C. “Only if they have the same head lifeguard/nurse as this year…or hotter!”

D. “Sure, assuming I’m not in a committed relationship with someone else by then.”


Score: 1 point for every A answer, 2 for B, 3 for C, 4 for D


Analysis:


8-10 points:  Your child is in the right camp and having a great time.  The only thing left for you to do is teach the happy little moppet how to make a proper straight-up martini for you at the end of the day.


11-20 points: Either your child’s counselor is an ex-Marine drill sergeant or there’s some kind of forced labor going on.  Check the local Wal-Mart to see if any of the merchandise is labeled “Made in [Name of Your Child’s Camp].”  And unless you want to end up spending 2-5 in the slammer for child labor conspiracy, call the state attorney general’s office and let them know something’s up.  Alternatively, set up an appointment with the camp director and demand a fair cut of the profits plus a little something extra for keeping your mouth shut.  Then make sure you get one of the kids to start your car every morning before they get on the bus.
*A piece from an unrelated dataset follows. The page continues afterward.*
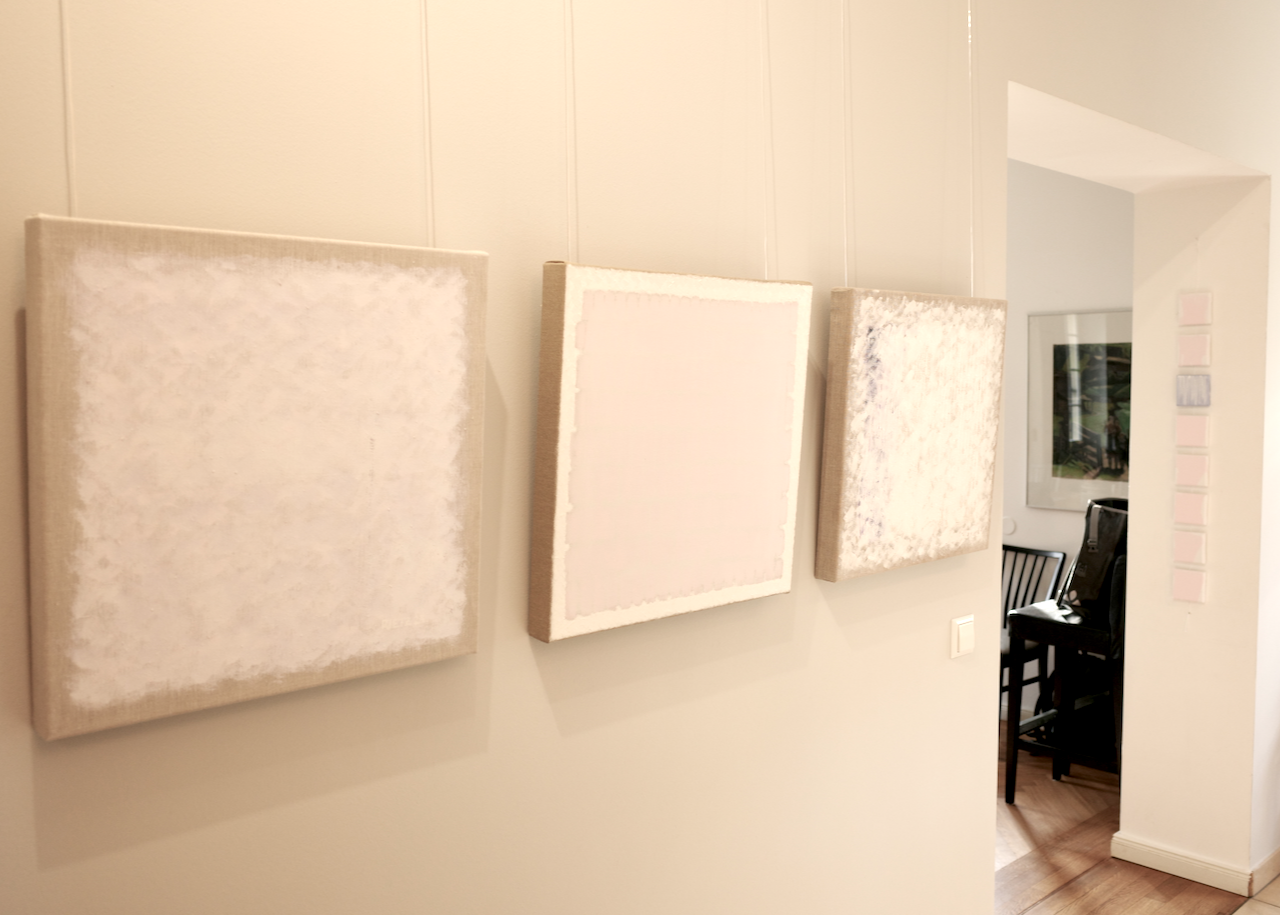 Three blank canvas paintings hung on a light-colored wall in a room, with a doorway leading to a dining area with black chairs and a window.
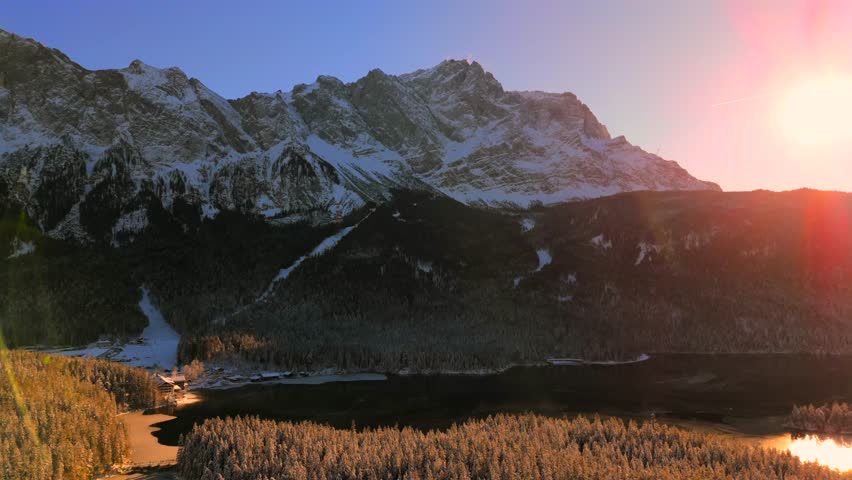 Breathtaking aerial view over snow-covered treetops in Germanys Bavarian Alps, showcasing Zugspitze massif. Zugspitze Gipfel highest peak of Wetterstein Mountains and highest mountain in Germany.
21-26 points: Your child is going through some pretty serious infatuation.  This is beyond “hello puberty.”  Check with a child psychology professional, or you should at least help the child to refocus his/her attention on something healthier at this point in life than obsessing on unattainable sexual fantasy icons in an environment that can only lead to frustration.  For example, you could introduce them to internet pornography and then noticeably close the door on your way out while saying, “I’ll leave you alone now.”


27-32 points: The fact that the condoms didn’t ring a bell in the first place means you are so self-involved you wouldn’t notice if your child was running a cat house in the laundry room.  In any case, condom or no, get your child checked for venereal disease and insist on a full course of tetracycline no matter what the test results show. Then hire an attorney who is both a shark and discreet, and you should be able to reach a settlement with the camp’s owners that will let you enroll the kids in French Language Camp in Lyon next summer while you’re cruising the Greek Isles, instead of sending them to some stinking day camp and hoping no one gets pregnant.  At least in France, sex between adults and minors is so common no one ends up suffering lifelong psychosis from the experience.  Just bragging rights.